Age, Carbon, Beirut, Scent, Struggle
What If We Could Live For A Million Years?
Avi Loeb | Scientific American | 16th August 2020
Bacteria live for a hundred million years on the ocean floor. What if humans could live for even a million? What would we do differently? “We could accomplish more ambitious tasks. We could decide to care more about our planetary environment and interpersonal cooperation, since pollution or hostilities carry long-term dangers. Extended life could make us wiser and more risk-averse since there is much more at stake. It would make little sense to send young soldiers to wars, or initiate wars in the first place” (1,100 words)
138,462 Carbon Pyramids
Karen Pinkus & Hans Baumann | Strelka | 14th August 2020
Keynesian thought-experiment in climate change. If we rely on carbon sequestration to get atmospheric carbon concentrations down to a more livable 350ppm, we will recover enough carbon to fill 138,462 pyramids, each the size of the Great Pyramid at Giza; we could build 3.79 great carbon pyramids every day for 100 years. “Beyond providing employment and sequestering carbon, these pyramids would do nothing.

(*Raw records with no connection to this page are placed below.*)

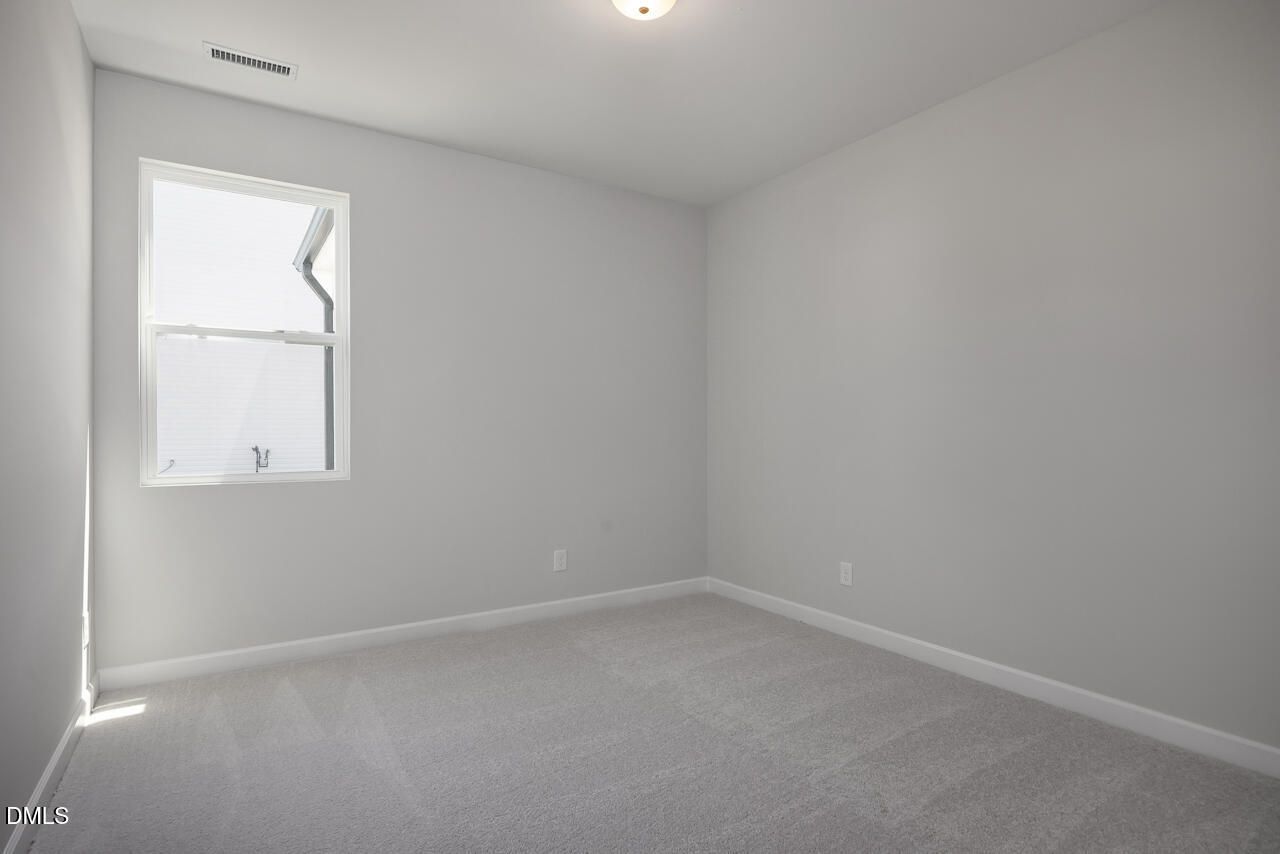 Bright, spacious bedroom with neutral carpet in The Adalynn B floor plan at Gregory Village in Lillington, North Carolina.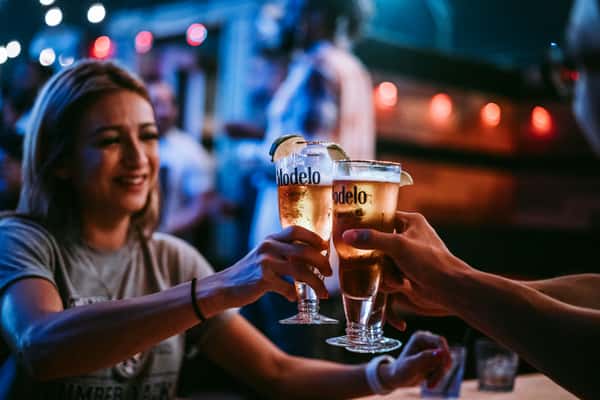 People clinking glasses at a bar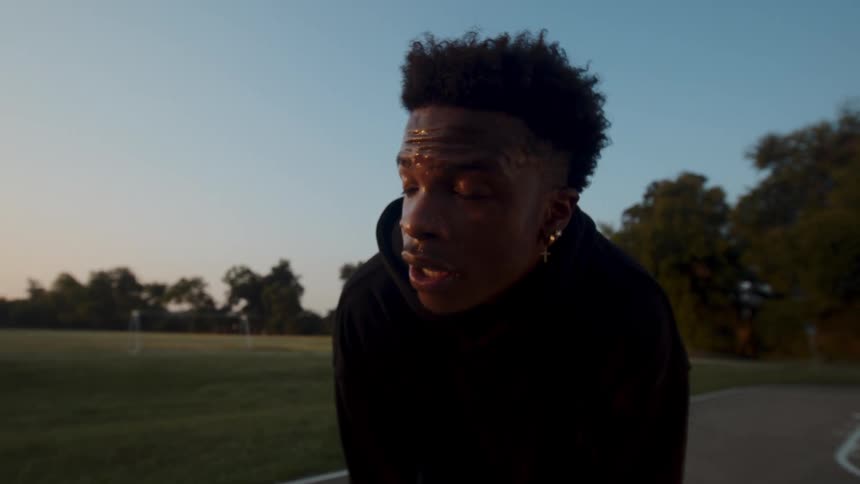 Portrait of a sweaty young man while standing on a court in a field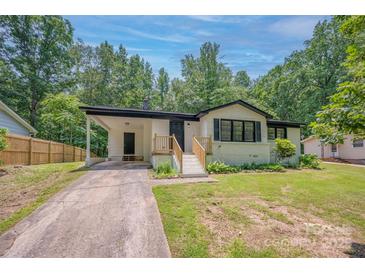 Charming single-story home with covered parking, a well-maintained lawn, and inviting front entrance at 1214 Northwoods Dr, Kings Mountain, NC 28086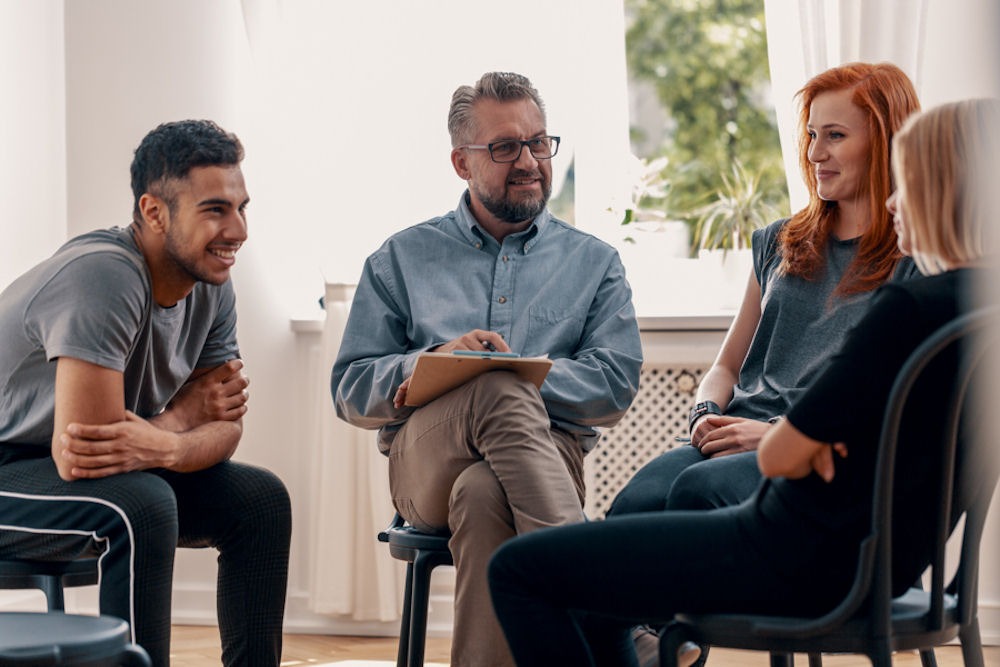 male therapist discussing addiction with small group of men and women in rehab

In as much as we understand this scheme cannot be built, we suggest that it must be” (2,700 words)
The Politics That Broke Lebanon
Mohamad Bazzi | Foreign Affairs | 14th August 2020
Lebanon’s political system depends on consensus among the “ageing former warlords” who still run the country. Since no decisions can be made without the consent of all, the result is “permanent gridlock, punctuated by periodic acts of violence”. Conflicts that cannot be resolved in “the arena of politics” are “fought out on the streets”. This violent underside of politics “encourages parties and factions to enlist the help of external patrons, a dynamic that has kept Lebanon weak and dependent” (1,950 words)
Research Diary: Scents
algekalipso | Qualia Computing | 14th August 2020
Notes on scents and smelling. Interesting and (highly) varied throughout, from futuristic restaurant food to the chemistry of pheromones. “If you combine 40 scented molecules that are as different as possible, you get as a result a generic smell with neutral valence that is not distinctive at all. They call it ‘white noise scent’, or Laurax. Alloys of smell may only really pay off in the range of 5 to 15 different molecules, where (perhaps) we maximise the experiential character of the resulting fragrance” (11,100 words)
The Unbearable
Jon Baskin | New York Review Of Books | 14th August 2020
Discussion of the “emotional wellsprings of Nazi politics”, as treated in Leni Riefenstahl’s Triumph Of The Will, Karl Ove Knausgaard’s My Struggle, and Terrence Malick’s Hidden Life. “Riefenstahl communicates the pleasure the people experienced — how ‘good’ it felt to them — at escaping the quotidian chaos of their shabby republic and their trivial private lives, at being liberated from the restrictions of rationality, at being on the brink of achieving something large and lasting, deep and simple” (3,570 words)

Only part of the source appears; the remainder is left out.